Weyl groups (experimental features)

FPGroup(W::WeylGroup) -> FPGroup
fp_group(W::WeylGroup) -> FPGroup

Construct a group of type FPGroup that is isomorphic to W.

If one needs the isomorphism then isomorphism(::Type{FPGroup}, W::WeylGroup) can be used instead.

isomorphism(::Type{FPGroup}, W::WeylGroup) -> Map{WeylGroup, FPGroup}

Return an isomorphism from W to a group H of type FPGroup.

H will be the quotient of a free group with the same rank as W, where we have the natural 1-to-1 correspondence of generators, modulo the Coxeter relations of W.

Isomorphisms are cached in W, subsequent calls of isomorphism(FPGroup, W) yield identical results.

If only the image of such an isomorphism is needed, use fp_group(W).

PermGroup(W::WeylGroup) -> PermGroup
permutation_group(W::WeylGroup) -> PermGroup

Construct a group of type PermGroup that is isomorphic to W.

If one needs the isomorphism then isomorphism(::Type{PermGroup}, W::WeylGroup) can be used instead.

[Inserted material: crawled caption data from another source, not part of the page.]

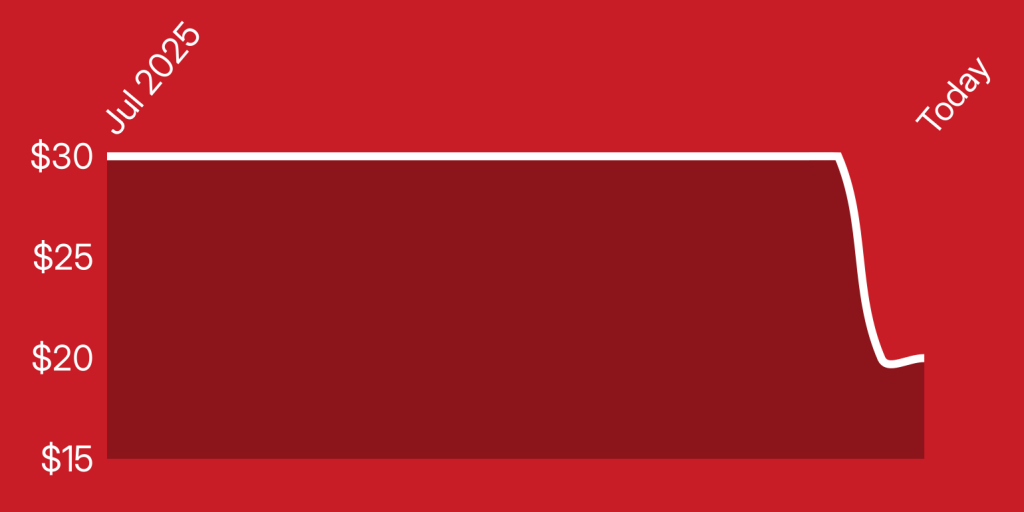 A red rectangle with white lines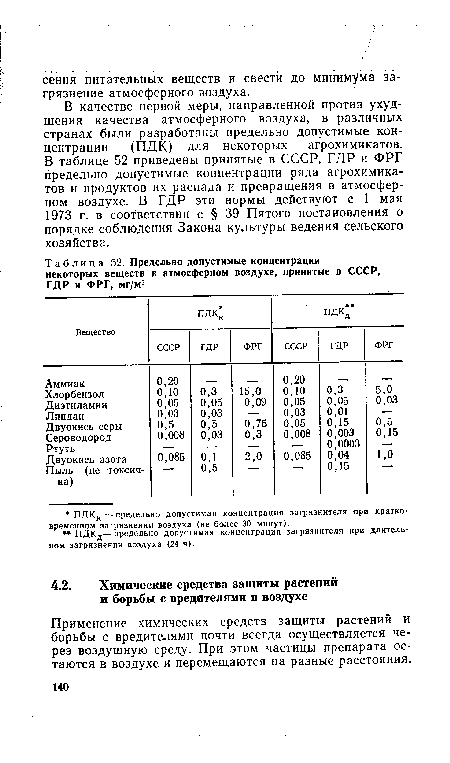 Предельно допустимые концентрации некоторых веществ в атмосферном воздухе, принятые в СССР, ГДР и ФРГ, мг/м3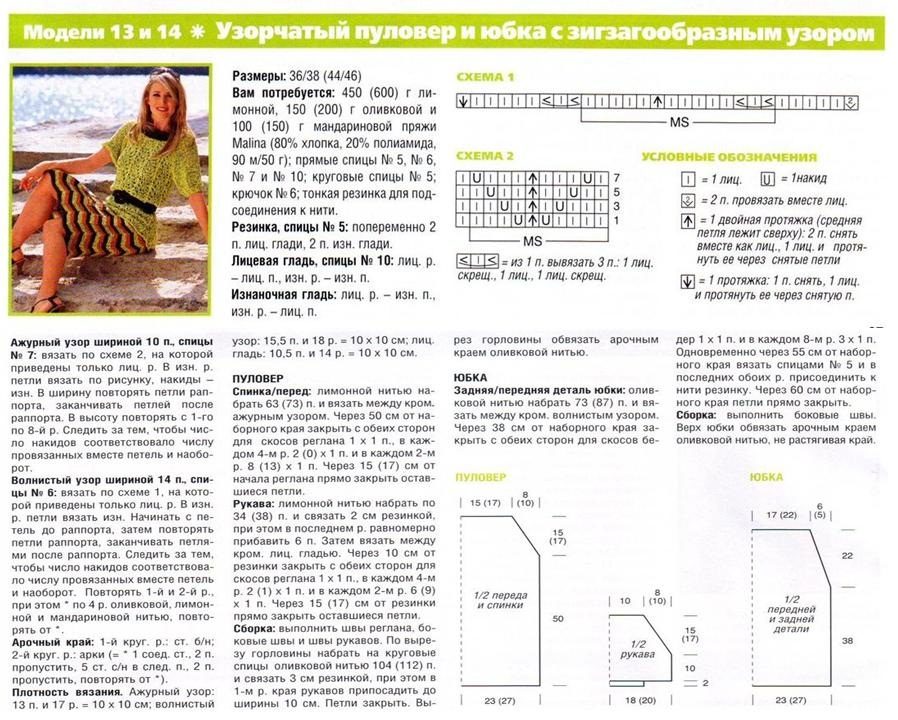 Описание и схема вязания спицами юбки узором зигзаг, пример 2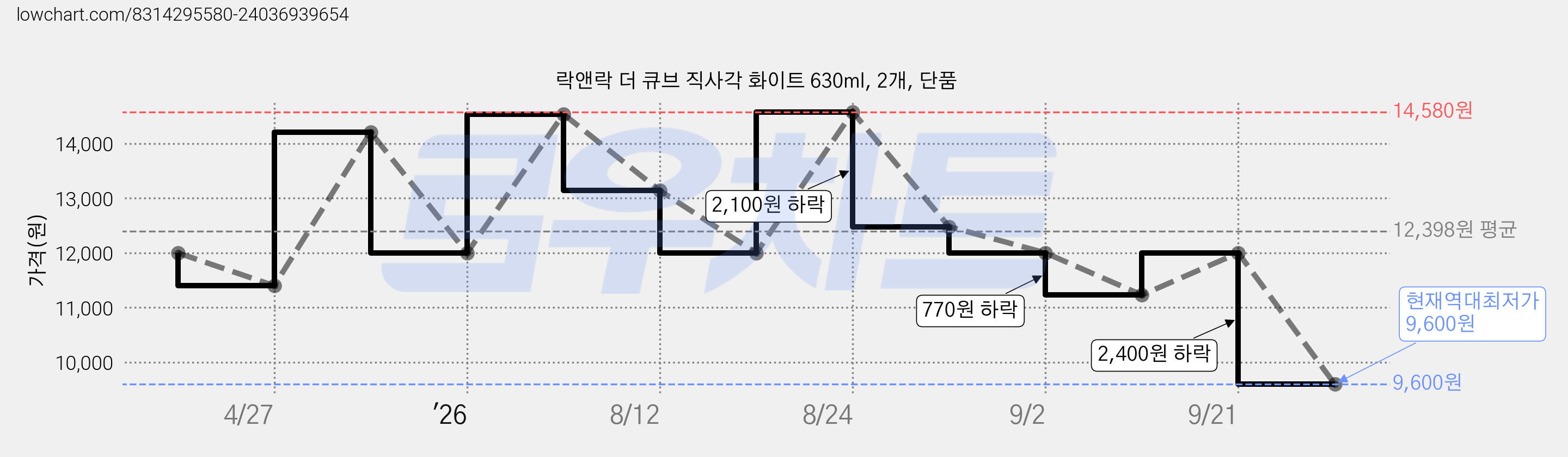 락앤락 더 큐브 직사각 화이트 630ml, 2개, 단품 가격 변동 차트, 현재가 9,600원, 역대최저가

isomorphism(::Type{PermGroup}, W::WeylGroup) -> Map{WeylGroup, PermGroup}

Return an isomorphism from W to a group H of type PermGroup. An exception is thrown if no such isomorphism exists.

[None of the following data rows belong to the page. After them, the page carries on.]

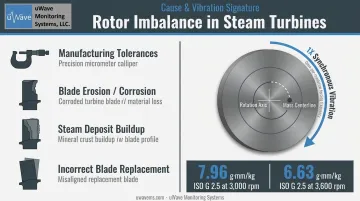 Rotor imbalance causes and ISO G2.5 balance grade specifications infographic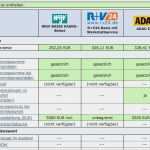 Vorlage Kündigung Autoversicherung Word Inspiration Huk24 Kfz Versicherung Huk24 Kfz Versicherung Im Test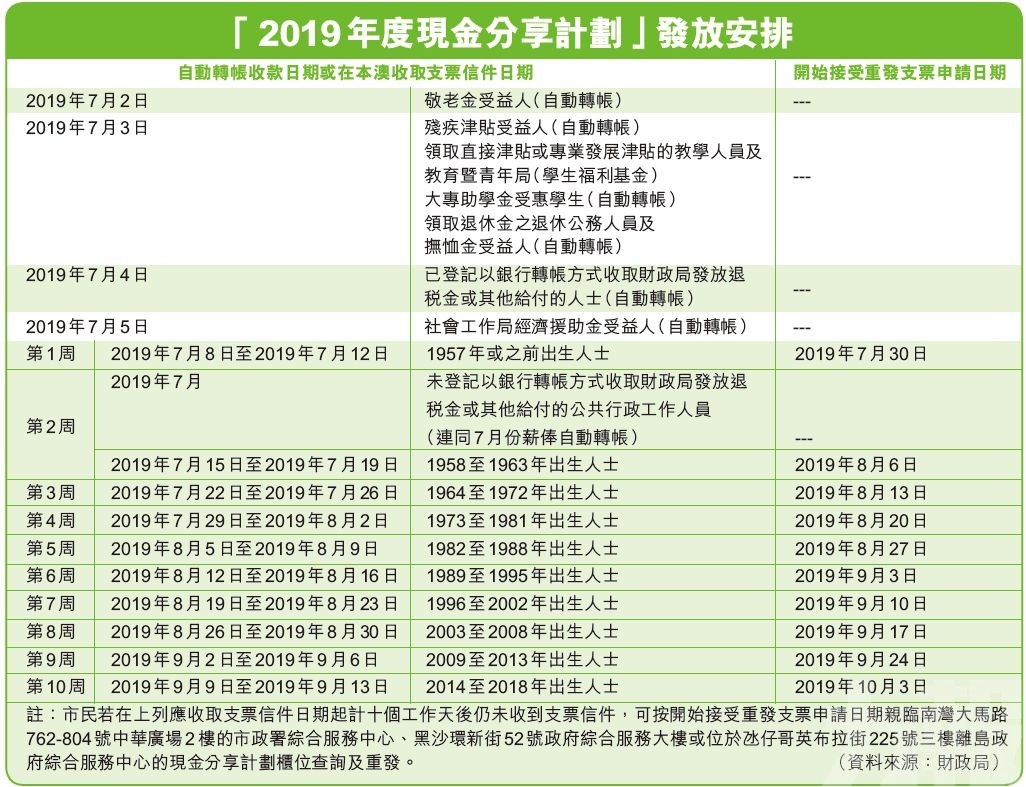 2024澳门今晚开什么,长期性计划落实分析_工具版9.48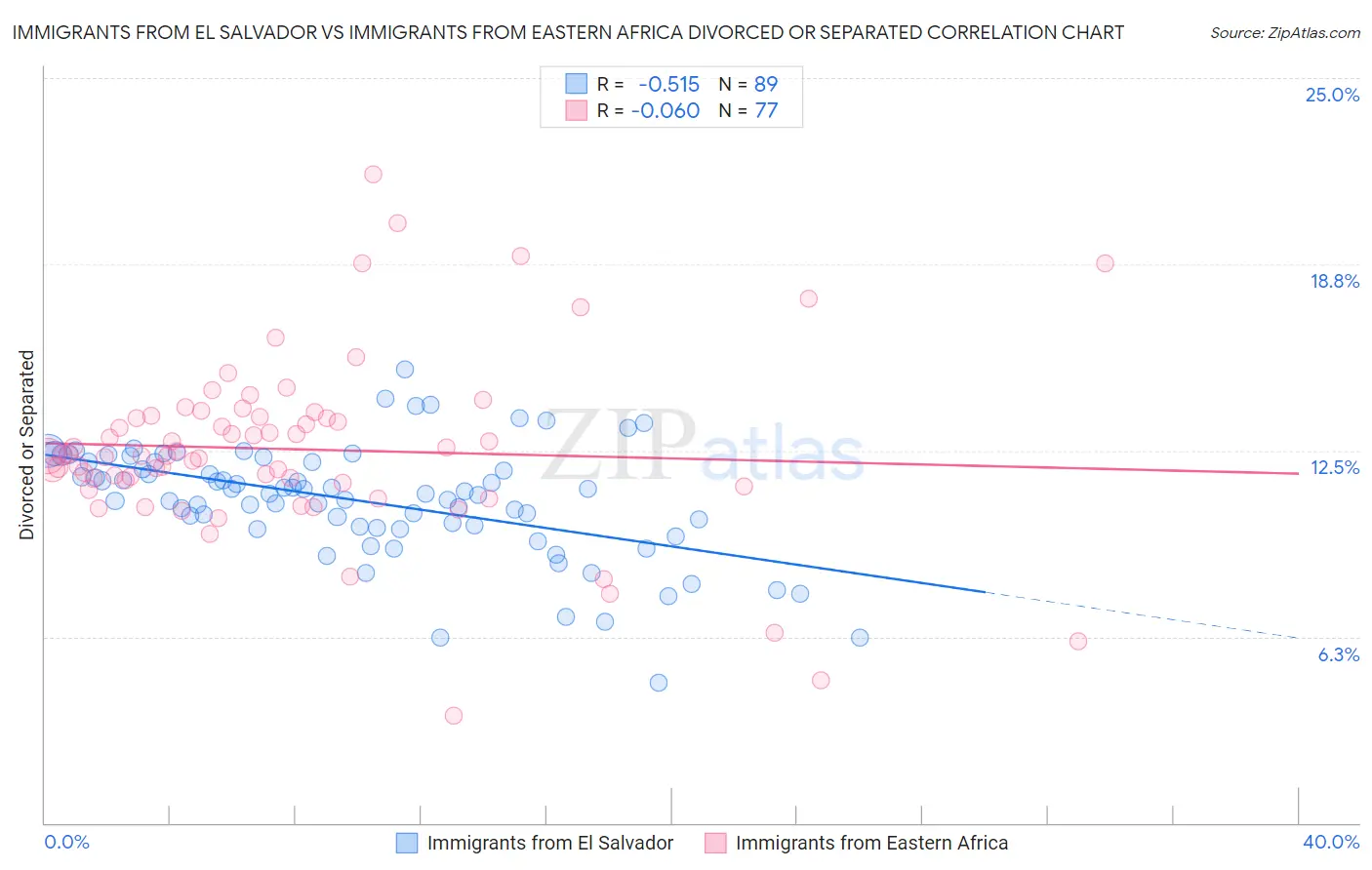 Immigrants from El Salvador vs Immigrants from Eastern Africa Divorced or Separated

The generators of H are in the natural 1-1 correspondence with the generators of W.

If the type of W is irreducible and not $E_6$ or $E_7$, then the degree of H is optimal. See [Sau14] for the optimal permutation degrees of Weyl groups.

Isomorphisms are cached in W, subsequent calls of isomorphism(PermGroup, W) yield identical results.

If only the image of such an isomorphism is needed, use permutation_group(W).